Sometime in 2013, while I was an undergraduate student at the University of Georgia, I joined a group of counter protestors on my lunch break. We wanted to ensure students and staff walking through a busy area of campus would not feel isolated beneath the towering anti-choice signs with which a pro-life group was demonstrating. I picked up a sign and found a spot alongside the other counter protesters to hold it. It read: “How can you trust me with a child but not a choice?”
Such a sign certainly fits within the broader genre of “My Body, My Choice” language, which has been one of the most widely used slogans in the United States to demand access to reproductive healthcare. These protest slogans can be powerful. It’s a way of claiming bodily autonomy – a way of saying I am here. This is my body. With it, I will do what I want. The rhetorical question in the sign I held also works to call out the irony of state-sanctioned forced pregnancy in the U.S. through increasingly repressive legislation. At its core, though, demanding choice is a demand about individual agency – it assumes that agency is something we all have equally, that by simply being human we can make choices. But any “choice” we make is always constrained, always contingent upon the social and political infrastructures that absolutely determine who can and cannot exercise individual agency. Put simply, “choice” has only ever been available to some, and focusing on individual decision-making erases greater demands for societal, structural issues that are required to be addressed if we want to ensure that everybody can make choices for their own bodies, their own lives. That is the core problem with choice.

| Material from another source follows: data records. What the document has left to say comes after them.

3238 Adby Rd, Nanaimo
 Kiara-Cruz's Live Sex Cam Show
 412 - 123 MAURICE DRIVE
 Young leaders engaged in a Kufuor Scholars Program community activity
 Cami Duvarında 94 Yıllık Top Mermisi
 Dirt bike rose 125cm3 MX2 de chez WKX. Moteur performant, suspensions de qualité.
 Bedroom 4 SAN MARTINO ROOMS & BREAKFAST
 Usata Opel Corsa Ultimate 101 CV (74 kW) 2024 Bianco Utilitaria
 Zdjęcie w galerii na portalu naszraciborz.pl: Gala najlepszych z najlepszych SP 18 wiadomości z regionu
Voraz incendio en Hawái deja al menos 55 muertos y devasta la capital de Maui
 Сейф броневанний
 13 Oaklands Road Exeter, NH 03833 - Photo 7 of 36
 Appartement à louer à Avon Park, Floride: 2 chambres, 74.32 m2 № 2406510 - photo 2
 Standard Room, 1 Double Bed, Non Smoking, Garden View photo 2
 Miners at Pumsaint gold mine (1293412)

With the recent Supreme Court decision released on June 24, 2022, which means we no longer have federal protection for abortion access up to the point of viability, it’s more important than ever that we ensure our messaging is maximally powerful and maximally inclusive for everybody who will be differentially affected by this repressive legislation. As an activist and a PhD candidate studying rhetoric and communication, I am acutely aware of the power of social movement rhetorics - the messages, tactics, and strategies used by groups to champion issues of significance. For decades and decades, feminist social movement scholars before me have made compelling arguments about why messaging matters so much, especially in social movements for access to reproductive healthcare. Of course, this also entails thinking about the kinds of messaging that does not work; “choice” is one such example.